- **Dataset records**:
+++

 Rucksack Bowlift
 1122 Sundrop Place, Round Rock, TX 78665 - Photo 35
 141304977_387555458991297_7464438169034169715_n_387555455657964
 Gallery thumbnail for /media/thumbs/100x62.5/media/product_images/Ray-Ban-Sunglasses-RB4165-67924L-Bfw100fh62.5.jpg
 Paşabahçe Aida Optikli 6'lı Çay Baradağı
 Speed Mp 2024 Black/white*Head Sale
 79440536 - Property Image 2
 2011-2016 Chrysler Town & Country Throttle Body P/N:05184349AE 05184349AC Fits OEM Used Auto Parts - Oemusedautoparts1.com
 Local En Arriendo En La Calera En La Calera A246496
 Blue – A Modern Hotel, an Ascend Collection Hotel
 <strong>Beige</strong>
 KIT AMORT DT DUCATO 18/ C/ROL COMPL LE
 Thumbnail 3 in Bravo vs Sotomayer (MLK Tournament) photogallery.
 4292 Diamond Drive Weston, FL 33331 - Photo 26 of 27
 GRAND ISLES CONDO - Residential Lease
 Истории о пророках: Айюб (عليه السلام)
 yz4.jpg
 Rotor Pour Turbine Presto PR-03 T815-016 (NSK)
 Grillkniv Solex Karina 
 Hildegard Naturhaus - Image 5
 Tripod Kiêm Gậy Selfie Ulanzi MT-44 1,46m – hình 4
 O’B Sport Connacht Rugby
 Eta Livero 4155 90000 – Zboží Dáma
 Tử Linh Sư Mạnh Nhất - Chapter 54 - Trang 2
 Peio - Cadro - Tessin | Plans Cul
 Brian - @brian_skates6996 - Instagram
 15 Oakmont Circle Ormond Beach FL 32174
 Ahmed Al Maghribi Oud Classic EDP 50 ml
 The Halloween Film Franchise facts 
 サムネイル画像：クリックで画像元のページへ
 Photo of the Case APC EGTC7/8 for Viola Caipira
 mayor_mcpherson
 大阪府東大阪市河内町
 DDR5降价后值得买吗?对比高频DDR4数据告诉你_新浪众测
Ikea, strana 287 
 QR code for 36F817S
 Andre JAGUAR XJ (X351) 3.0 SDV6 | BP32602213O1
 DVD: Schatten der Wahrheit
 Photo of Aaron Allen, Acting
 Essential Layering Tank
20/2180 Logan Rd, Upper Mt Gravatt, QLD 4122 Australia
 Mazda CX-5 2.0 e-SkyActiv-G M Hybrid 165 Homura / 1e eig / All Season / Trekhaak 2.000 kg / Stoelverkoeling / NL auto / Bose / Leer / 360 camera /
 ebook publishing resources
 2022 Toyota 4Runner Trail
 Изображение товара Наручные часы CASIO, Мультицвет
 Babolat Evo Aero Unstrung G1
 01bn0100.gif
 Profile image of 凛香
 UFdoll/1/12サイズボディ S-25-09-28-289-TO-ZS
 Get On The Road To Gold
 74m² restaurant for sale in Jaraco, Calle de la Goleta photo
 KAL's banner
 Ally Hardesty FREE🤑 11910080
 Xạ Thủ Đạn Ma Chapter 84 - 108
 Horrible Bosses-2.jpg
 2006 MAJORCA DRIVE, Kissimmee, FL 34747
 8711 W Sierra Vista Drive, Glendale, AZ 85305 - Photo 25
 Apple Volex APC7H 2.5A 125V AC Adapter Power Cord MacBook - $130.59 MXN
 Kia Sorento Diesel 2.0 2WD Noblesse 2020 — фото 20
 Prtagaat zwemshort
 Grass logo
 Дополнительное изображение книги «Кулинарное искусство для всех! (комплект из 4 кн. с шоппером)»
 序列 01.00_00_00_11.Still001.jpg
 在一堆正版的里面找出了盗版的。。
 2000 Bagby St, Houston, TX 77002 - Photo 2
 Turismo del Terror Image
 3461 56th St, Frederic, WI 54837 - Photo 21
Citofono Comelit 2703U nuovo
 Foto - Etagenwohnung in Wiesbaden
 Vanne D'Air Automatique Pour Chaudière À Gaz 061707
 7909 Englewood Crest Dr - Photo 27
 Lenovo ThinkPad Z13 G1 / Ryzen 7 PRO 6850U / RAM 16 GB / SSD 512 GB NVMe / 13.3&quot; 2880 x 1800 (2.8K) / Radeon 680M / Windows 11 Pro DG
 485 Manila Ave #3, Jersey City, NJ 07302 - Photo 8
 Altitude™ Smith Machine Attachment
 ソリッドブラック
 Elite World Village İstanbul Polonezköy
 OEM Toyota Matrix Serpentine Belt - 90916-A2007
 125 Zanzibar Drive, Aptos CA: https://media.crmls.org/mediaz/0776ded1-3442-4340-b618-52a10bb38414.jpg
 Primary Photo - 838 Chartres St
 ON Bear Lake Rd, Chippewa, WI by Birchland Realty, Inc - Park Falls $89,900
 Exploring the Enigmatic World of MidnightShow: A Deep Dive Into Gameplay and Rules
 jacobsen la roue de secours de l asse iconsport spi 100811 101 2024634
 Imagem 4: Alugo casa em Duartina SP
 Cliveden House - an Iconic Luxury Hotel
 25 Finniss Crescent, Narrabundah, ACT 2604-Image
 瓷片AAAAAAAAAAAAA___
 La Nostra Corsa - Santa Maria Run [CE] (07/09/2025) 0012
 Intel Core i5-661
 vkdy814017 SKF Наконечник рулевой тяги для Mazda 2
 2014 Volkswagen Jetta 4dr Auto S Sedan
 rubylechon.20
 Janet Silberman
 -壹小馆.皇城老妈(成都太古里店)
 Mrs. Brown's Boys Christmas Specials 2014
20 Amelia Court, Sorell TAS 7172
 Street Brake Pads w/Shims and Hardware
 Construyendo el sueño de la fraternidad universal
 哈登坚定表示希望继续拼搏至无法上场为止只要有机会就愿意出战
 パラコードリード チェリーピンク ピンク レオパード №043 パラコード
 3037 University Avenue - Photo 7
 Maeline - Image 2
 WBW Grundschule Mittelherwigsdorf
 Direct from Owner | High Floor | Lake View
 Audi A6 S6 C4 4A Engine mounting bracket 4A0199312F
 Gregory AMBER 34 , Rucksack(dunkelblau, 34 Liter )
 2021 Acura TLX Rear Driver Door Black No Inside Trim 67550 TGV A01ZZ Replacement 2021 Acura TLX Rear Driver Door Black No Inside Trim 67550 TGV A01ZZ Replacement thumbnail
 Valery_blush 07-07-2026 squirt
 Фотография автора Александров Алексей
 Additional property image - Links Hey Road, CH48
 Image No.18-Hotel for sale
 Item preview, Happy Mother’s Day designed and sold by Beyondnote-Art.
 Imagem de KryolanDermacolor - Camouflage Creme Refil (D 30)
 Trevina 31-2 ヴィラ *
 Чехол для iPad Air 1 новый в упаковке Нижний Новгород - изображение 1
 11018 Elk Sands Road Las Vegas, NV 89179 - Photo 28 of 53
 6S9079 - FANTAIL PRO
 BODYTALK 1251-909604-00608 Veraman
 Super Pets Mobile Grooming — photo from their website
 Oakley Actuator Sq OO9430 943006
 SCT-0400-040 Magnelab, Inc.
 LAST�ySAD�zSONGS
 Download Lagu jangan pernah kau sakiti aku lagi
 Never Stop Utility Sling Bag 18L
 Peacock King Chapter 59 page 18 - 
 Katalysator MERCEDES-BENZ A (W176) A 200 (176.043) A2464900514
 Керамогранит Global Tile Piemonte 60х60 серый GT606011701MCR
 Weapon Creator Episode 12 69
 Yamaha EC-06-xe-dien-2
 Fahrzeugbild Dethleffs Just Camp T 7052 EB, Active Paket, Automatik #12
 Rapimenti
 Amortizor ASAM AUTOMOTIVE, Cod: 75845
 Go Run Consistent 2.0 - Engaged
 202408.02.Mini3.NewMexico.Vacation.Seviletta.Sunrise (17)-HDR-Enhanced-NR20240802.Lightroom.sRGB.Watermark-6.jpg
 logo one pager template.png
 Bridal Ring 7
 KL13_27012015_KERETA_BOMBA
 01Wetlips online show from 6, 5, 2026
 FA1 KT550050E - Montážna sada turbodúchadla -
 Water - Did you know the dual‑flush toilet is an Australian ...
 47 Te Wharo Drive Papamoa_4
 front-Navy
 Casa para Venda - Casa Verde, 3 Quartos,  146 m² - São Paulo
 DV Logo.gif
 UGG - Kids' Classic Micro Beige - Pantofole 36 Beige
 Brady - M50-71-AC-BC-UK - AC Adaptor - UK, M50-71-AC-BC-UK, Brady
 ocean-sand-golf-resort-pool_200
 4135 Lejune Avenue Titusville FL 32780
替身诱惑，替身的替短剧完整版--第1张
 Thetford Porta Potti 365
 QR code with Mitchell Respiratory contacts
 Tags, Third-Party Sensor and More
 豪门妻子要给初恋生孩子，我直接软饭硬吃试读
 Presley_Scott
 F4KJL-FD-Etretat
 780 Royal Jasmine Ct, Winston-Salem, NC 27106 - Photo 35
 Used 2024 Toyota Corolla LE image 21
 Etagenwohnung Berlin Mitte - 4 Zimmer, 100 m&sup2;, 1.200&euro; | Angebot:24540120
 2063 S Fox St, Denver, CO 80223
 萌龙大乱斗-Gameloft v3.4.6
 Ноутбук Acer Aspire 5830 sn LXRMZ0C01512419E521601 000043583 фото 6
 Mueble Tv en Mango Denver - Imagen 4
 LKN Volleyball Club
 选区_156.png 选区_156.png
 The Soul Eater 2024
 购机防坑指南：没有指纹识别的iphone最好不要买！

+++

- **WORK REQUIRED**:
Look above for the line holding "The Halloween Film Franchise facts", then set down exactly that line and every line after it up to and including the line holding "2000 Bagby St, Houston, TX 77002 - Photo 2", with nothing else.

- **EXERCISE ANSWER**:
 The Halloween Film Franchise facts 
 サムネイル画像：クリックで画像元のページへ
 Photo of the Case APC EGTC7/8 for Viola Caipira
 mayor_mcpherson
 大阪府東大阪市河内町
 DDR5降价后值得买吗?对比高频DDR4数据告诉你_新浪众测
Ikea, strana 287 
 QR code for 36F817S
 Andre JAGUAR XJ (X351) 3.0 SDV6 | BP32602213O1
 DVD: Schatten der Wahrheit
 Photo of Aaron Allen, Acting
 Essential Layering Tank
20/2180 Logan Rd, Upper Mt Gravatt, QLD 4122 Australia
 Mazda CX-5 2.0 e-SkyActiv-G M Hybrid 165 Homura / 1e eig / All Season / Trekhaak 2.000 kg / Stoelverkoeling / NL auto / Bose / Leer / 360 camera /
 ebook publishing resources
 2022 Toyota 4Runner Trail
 Изображение товара Наручные часы CASIO, Мультицвет
 Babolat Evo Aero Unstrung G1
 01bn0100.gif
 Profile image of 凛香
 UFdoll/1/12サイズボディ S-25-09-28-289-TO-ZS
 Get On The Road To Gold
 74m² restaurant for sale in Jaraco, Calle de la Goleta photo
 KAL's banner
 Ally Hardesty FREE🤑 11910080
 Xạ Thủ Đạn Ma Chapter 84 - 108
 Horrible Bosses-2.jpg
 2006 MAJORCA DRIVE, Kissimmee, FL 34747
 8711 W Sierra Vista Drive, Glendale, AZ 85305 - Photo 25
 Apple Volex APC7H 2.5A 125V AC Adapter Power Cord MacBook - $130.59 MXN
 Kia Sorento Diesel 2.0 2WD Noblesse 2020 — фото 20
 Prtagaat zwemshort
 Grass logo
 Дополнительное изображение книги «Кулинарное искусство для всех! (комплект из 4 кн. с шоппером)»
 序列 01.00_00_00_11.Still001.jpg
 在一堆正版的里面找出了盗版的。。
 2000 Bagby St, Houston, TX 77002 - Photo 2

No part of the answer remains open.